Все строится вокруг примадонны: Хибла Герзмава с первых звуков забирает в эстетический плен тех, кто пришел не поглазеть, а именно послушать. Можно подробно описывать, как красив ее тембр, как безупречна интонация, как ей удается на piano добиваться полного, объемного, летящего звука. Как при этом она убедительна в своем противоречивом образе — мифологической жрицы и в то же самое время лирической романтической героини — женственной, любящей, жертвенной. Конечно, зал ждал знаменитую Casta Diva, и, думаю, вряд ли нашелся слушатель, которого бы она разочаровала.
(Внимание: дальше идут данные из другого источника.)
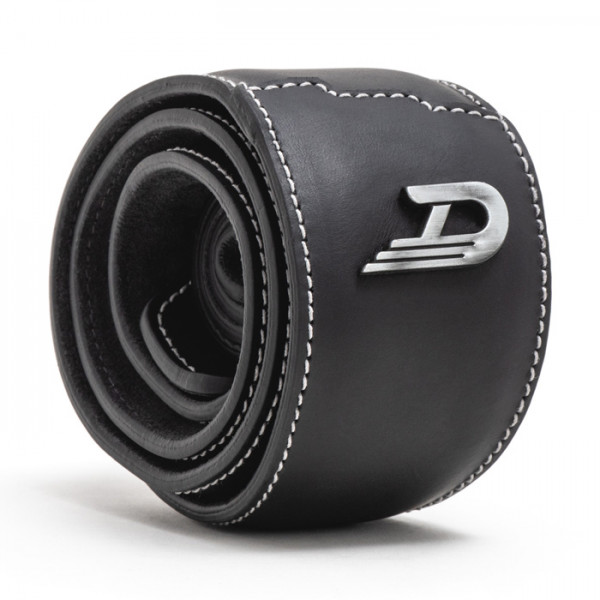 Duesenberg 3-Step Strap Custom - Black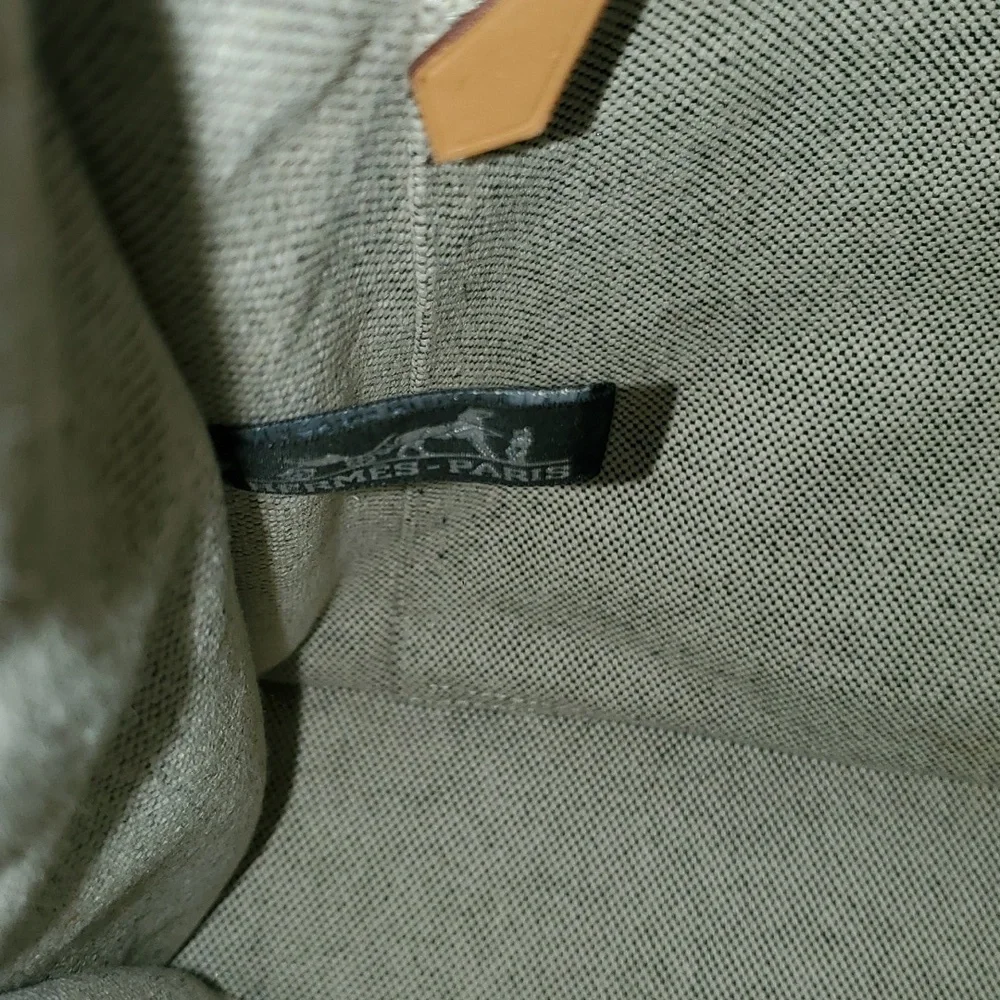 Hermes Large Fourre Tout Tote - Picture 9 of 15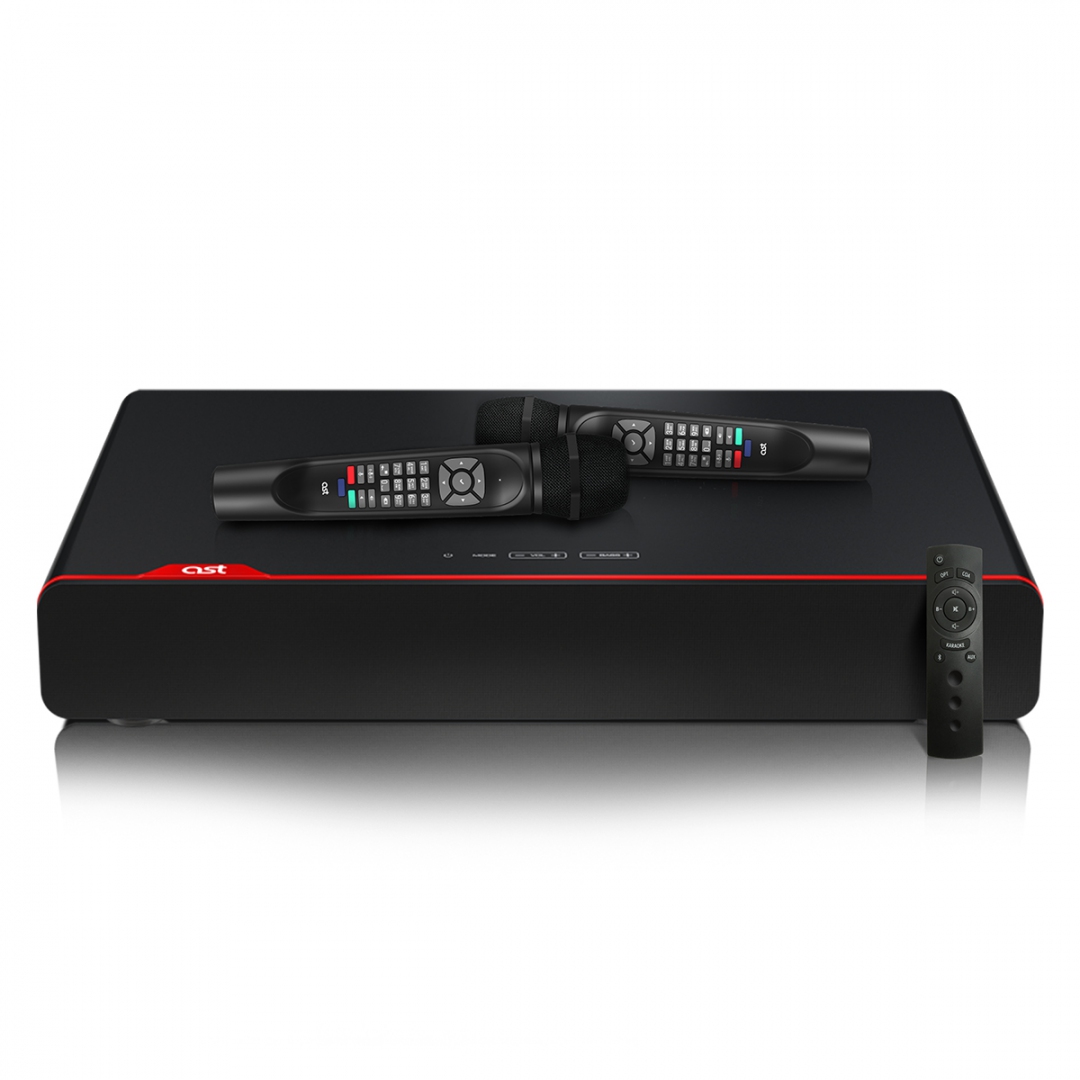 AST ONEBOX акустическая система с функцией караоке (саундбар с караоке для телевизора) в Арсеньеве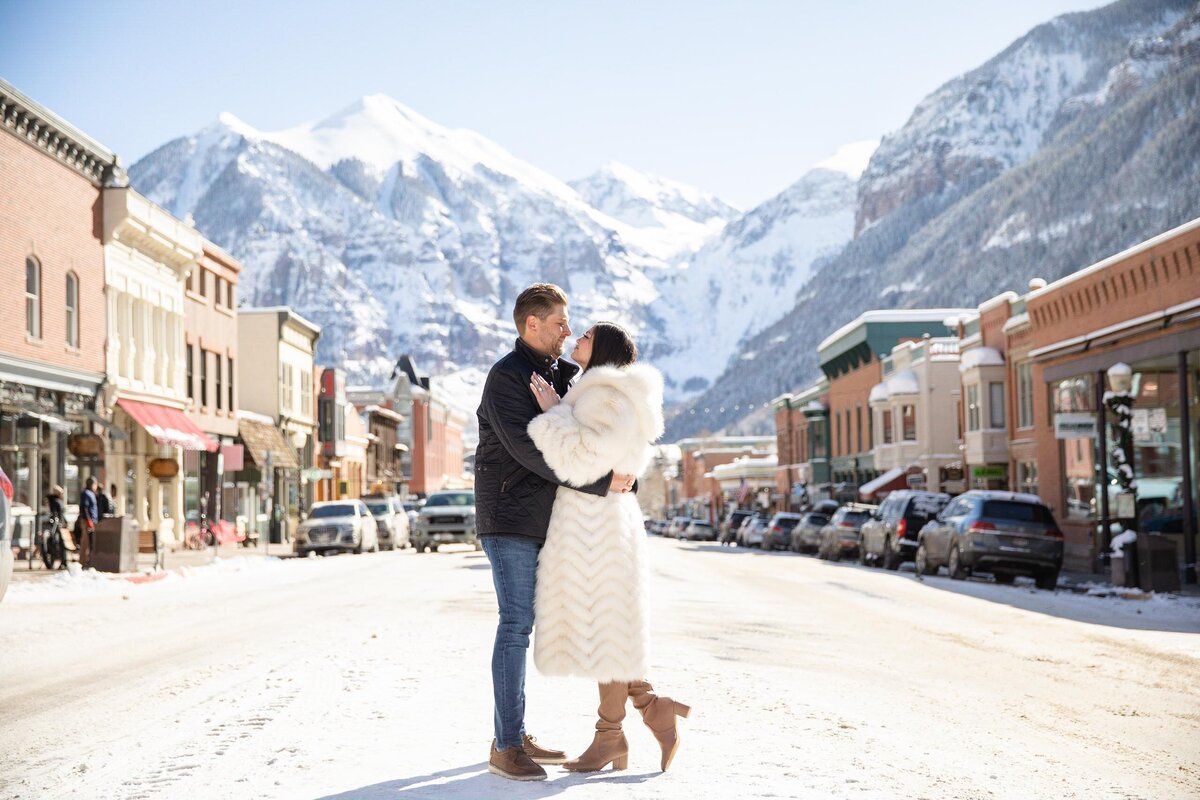 telluride proposal photographer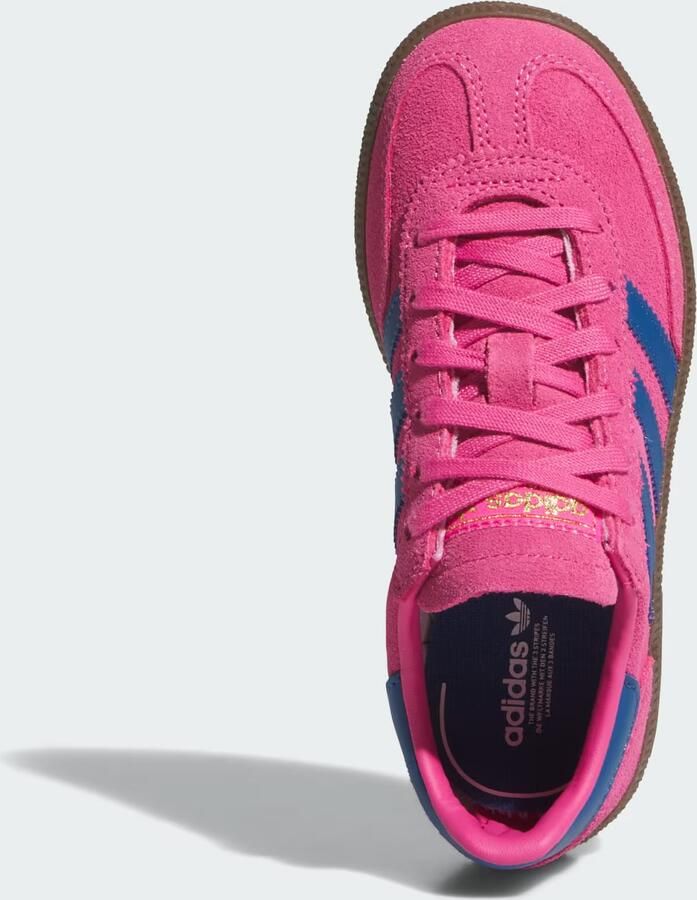 ADIDAS ORIGINALS Sneakers 'Handball Spezial' royal blue koningsblauw goud pink - Foto 8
Основные партнеры Герзмавы — Сергей Кузьмин (Поллион) и Лариса Андреева (Адальджиза) прекрасные певцы, харизматичные артисты, технически оснащенные, тем не менее оказались в сложной ситуации — иногда возникали потери в динамическом балансе голосов. В дуэтных сценах с Герзмавой у Андреевой случались чрезмерно форсированные звуки, Кузьмину порой не хватало яркости звучания. Впрочем, это не повлияло на общую картину, и в целом спектакль оставил впечатление гармоничного ансамбля с безусловным лидером в лице Хиблы Герзмавы, как, собственно, и должно быть в этой опере.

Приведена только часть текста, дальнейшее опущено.